The Buddha told Ananda, " Although all of you are my foremost disciples and have been members of the Sangha for a long time, you still have not achieved far-reaching understanding. This pile of bones could have belonged to my ancestors from former lives. They could have been my parents in many past lives. That is the reason I now bow to them. " The Buddha continued speaking to Ananda:"These bones we are looking at can be divided into two groups. One group is composed of the bones of men, which are heavy and white in colour. The other group is composed of the bones of woman which are light and black in colour."

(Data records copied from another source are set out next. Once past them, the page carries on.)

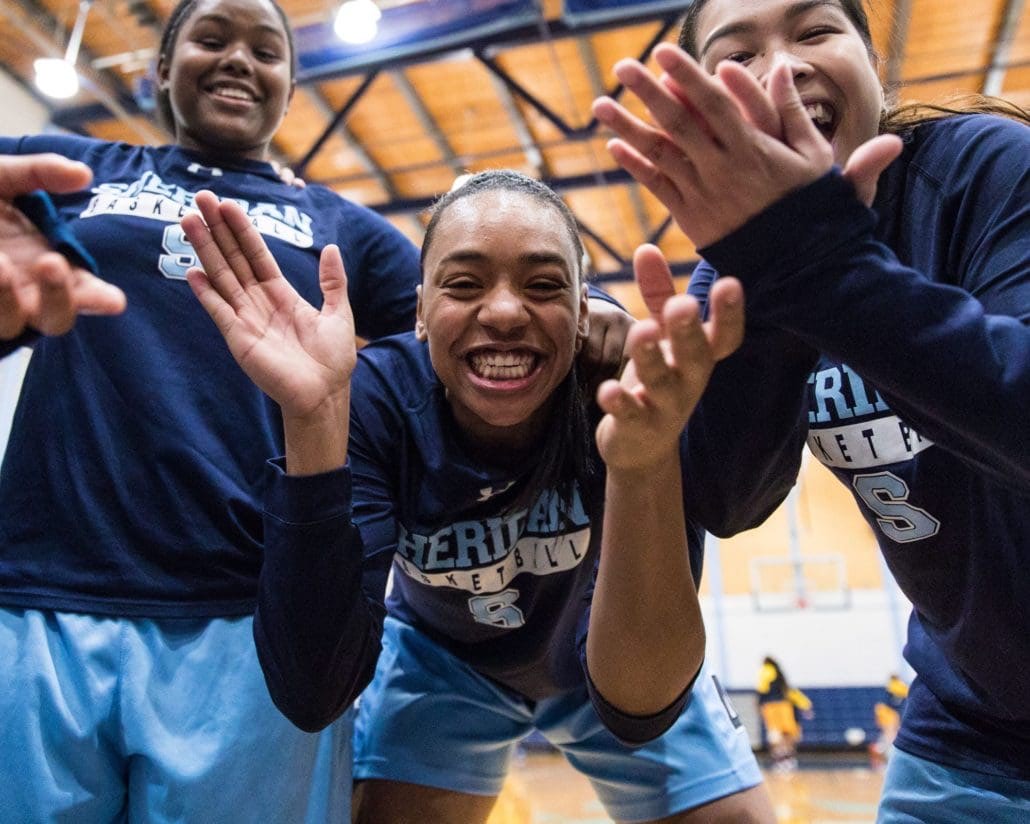 Ontario Colleges Athletic Association basketball game between the Sheridan Bruins and the Humber Hawks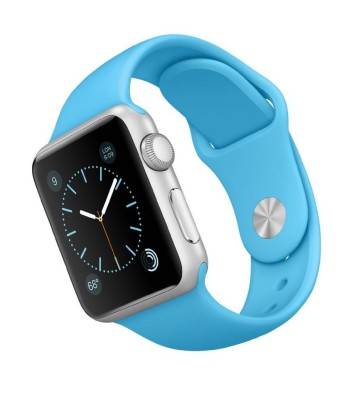 Apple Watch Sport 42mm Silver Aluminum Case with Blue Sport Band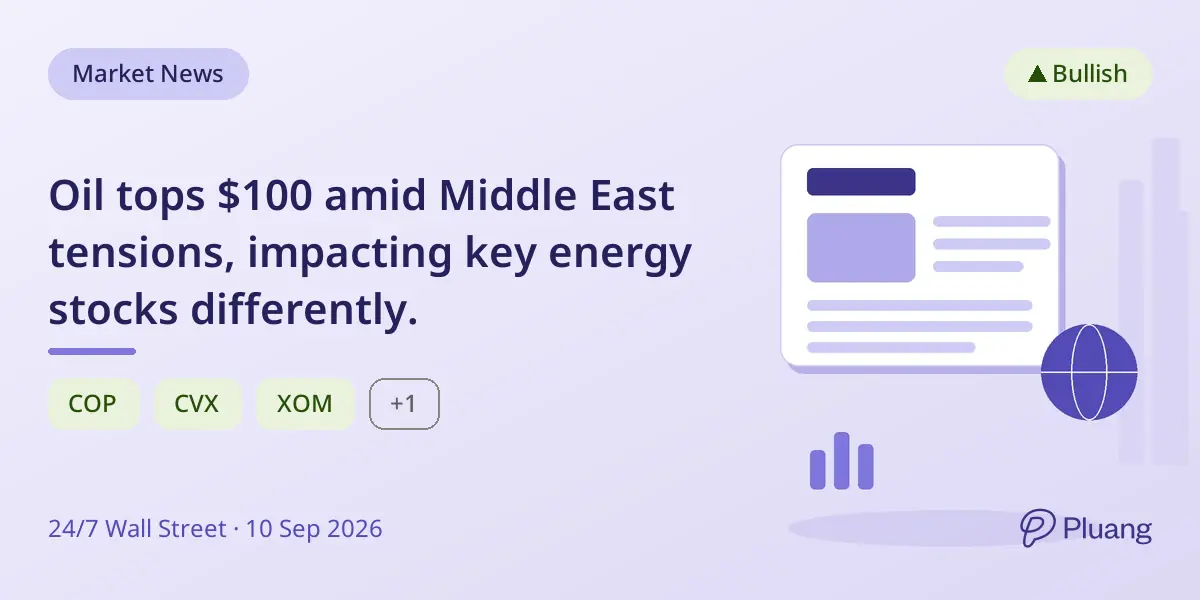 Oil tops $100 amid Middle East tensions, impacting key energy stocks differently.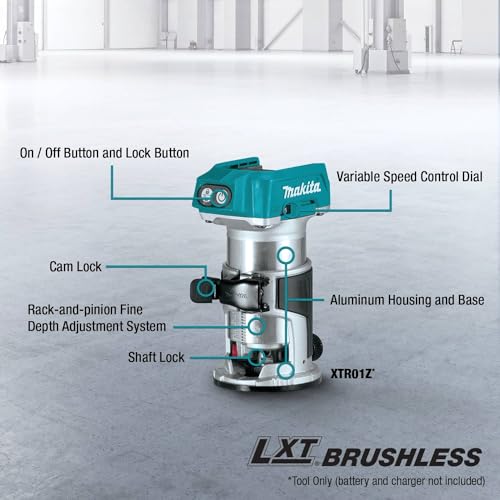Makita XT1001SM 18V LXT® Lithium-Ion Cordless 10-Pc. Woodworking Combo Kit (4.0Ah) Makita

Ananda said to the Buddha,"World Honoured one;when men are alive in the world they adorn their bodies with robes, belts, shoes, hats and other fine attire, so that they clearly assume a male appearance. Yet, once men and woman die, all that is left are their bones. How does one tell them apart? Please teach us how you are able to distinguish them."
The Buddha answered Ananda,"If when men are in the world, they enter temples, listen to explanations of sutras and vinaya texts, make obeisance to the Triple Jewel, and recite the Buddha's names, then when they die their bones will be heavy and white in colour. Most women in the world have little wisdom and are saturated with emotion. They give birth to and raise children, feeling that it is their duty. Each child relies on its mother's milk for life and nourishment, and that milk is a transformation of the mother's blood. Each child of this drain on the mother's body whereby the child takes milk. For its nourishment, the mother becomes worn and haggard and so her bones turn black in colour and are light in weight.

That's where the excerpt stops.